Mangu v. State of Rajasthan

2013-03-19

AMITAVA ROY, V.K.MATHUR

body2013
Hon'ble ROY, CJ.—Heard Mr.Ghani, learned counsel for the appellants. 2. The facts, in brief, necessary for the disposal of the instant appeal are that according to the appellants, their predecessor-in-interest had purchased the land involved in the proceedings from those of the private respondents prior to Samvat 2011 and possession thereof was handed over to the purchasers in Samvat 2008. This transaction was admittedly registered on 27.7.1967 on payment of due stamp duty. As the heirs and legal representatives of the seller did thereafter try to dispossess the appellants from the land involved, a suit was filed for permanent injunction and declaration of tenancy rights and also for grant of mutation in their names. This suit and thereafter, the appeals filed by the appellants before the First Appellate Forum and eventually, before the Board of Revenue failed. The sale having been registered on 27.7.1967 being subsequent to the incorporation of Section 42B of the Rajasthan Tenancy Act, 1955 prohibiting the same, it was adjudged to be invalid.
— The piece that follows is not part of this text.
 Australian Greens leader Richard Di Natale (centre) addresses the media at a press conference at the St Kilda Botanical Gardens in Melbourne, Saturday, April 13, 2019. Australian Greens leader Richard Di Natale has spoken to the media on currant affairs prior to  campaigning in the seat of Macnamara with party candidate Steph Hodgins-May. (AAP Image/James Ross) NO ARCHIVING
The learned Single Judge by the impugned judgment and order while affirming this concurrent finding, has also negated the plea of adverse possession taken by the appellants on the basis of such sale. 3. The learned counsel for the appellants has argued that even assuming that the sale was effected by an unregistered document and the deed was registered only in the year 1967, the transaction could very well be used for co-lateral purposes such as possession of the appellants over the land involved and thus, the learned Single Judge ought not to have dismissed the writ petition as done. On being queried by us, the learned counsel for the appellants however has fairly submitted that he does not pursue the plea of adverse possession in the facts and circumstances of the case. 4. Upon hearing the learned counsel for the parties and on a consideration of the pleaded facts and the documents on record, we are of the view that no interference with the impugned judgment and order is called for. The appeal, therefore, stands dismissed.